Reid has been installed as Potter’s assistant boss at the Liberty Stadium having previously worked with him at Ostersund.

And while the Scot acknowledges that Potter wants to play a progressive, passing game, he says the new Swans manager’s approach is not just about what his teams do when they are on the ball.

“The opportunity to take Swansea back to their playing style and make supporters feel excited going into games is an attractive one,” Reid said.

“People think we are possession-based, but out of possession – pressing and working off the ball – is also a big, big thing in our game.

“Coming to a fantastic club like Swansea is a great challenge for us, and that style will be one of the things we look to bring in.”

Reid worked alongside Potter in Sweden for four-and-a-half years.

After a long and successful spell in charge at Hamilton Academical – during which he was once linked with the manager’s job in SA1 – Reid left the Scottish club in the spring of 2013.

Seven months later, he agreed to join Potter’s staff at Ostersund after the pair were put in touch with each other by Roberto Martinez's long-time No. 2 Graeme Jones.

“I had managed Hamilton for seven-and-a-half years and when I left I wanted a change from Scottish football,” Reid explained.

“Graeme Jones told Graham to work with me if he had the chance.

“So Graham invited me over to Sweden and I got a feel for the place.
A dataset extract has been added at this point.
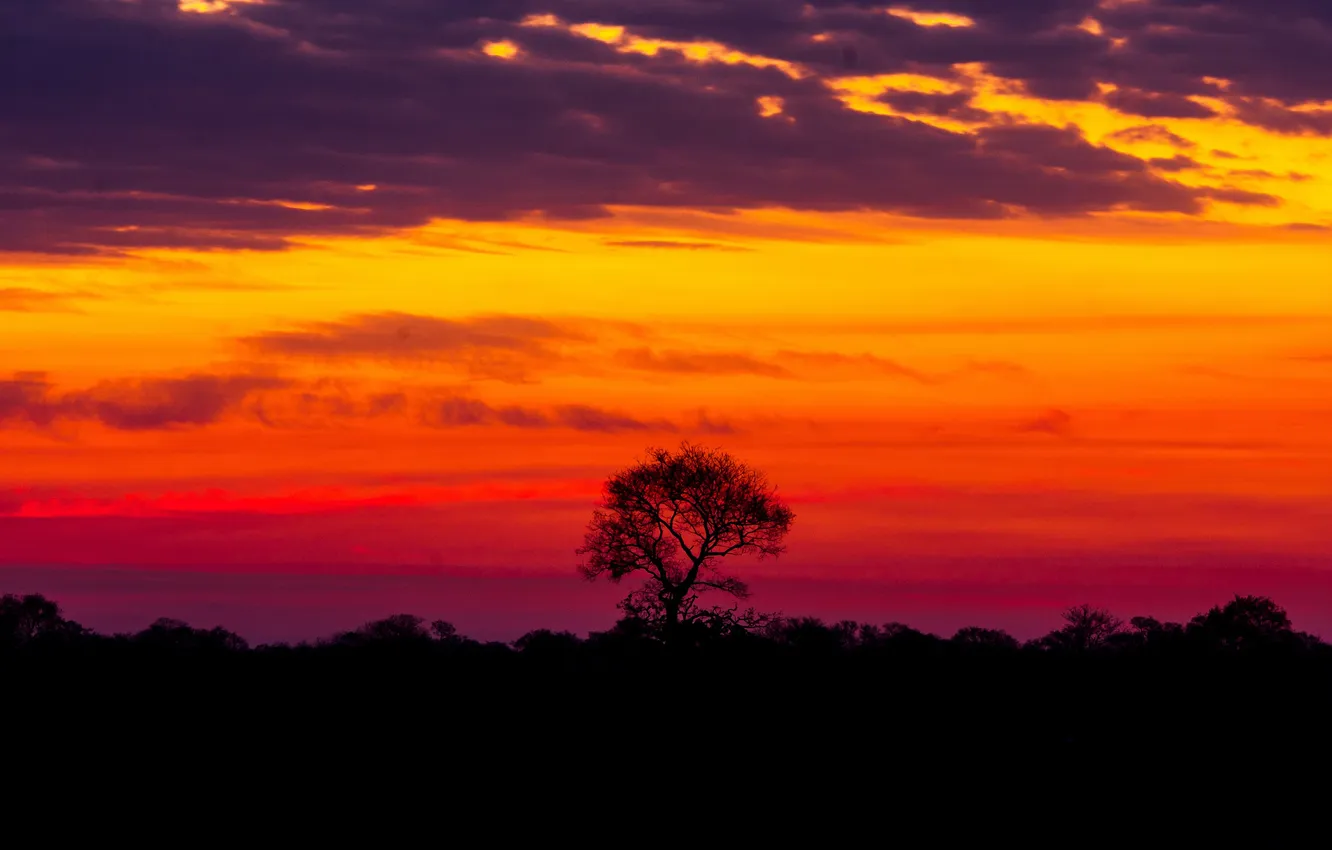 Photo wallpaper sunset, nature, beauty, lonely tree, Brazil, sunset, beauty, Brazil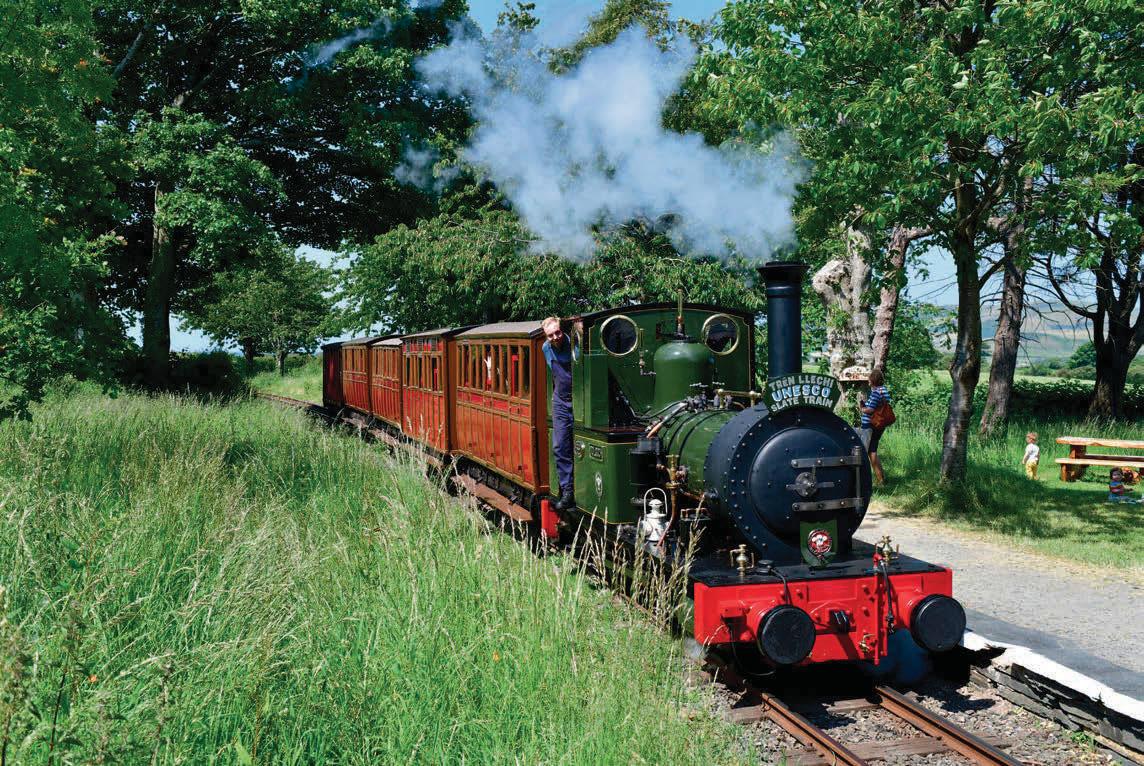 The ww ultimate DSLR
Something felt right so we went for it and the rest is history.

“I found it easy moving from a manager to an assistant.

“I wanted to be involved in the same style that I was used to – a possession-based game on the front foot – and Graham’s team were playing that way.”

Reid, who also managed Clyde before his long stint at Hamilton, brings plenty of experience to the new-look Swans backroom team.

And he says Potter is a manager who will encourage his staff to air their views.

“Graham isn’t the type of manager that keeps me down,” Reid said.

“He allowed me to be myself – that’s why he took me Ostersund.

“It has been an education working under him. In my opinion, he has some fantastic ideas and is a very intelligent football man.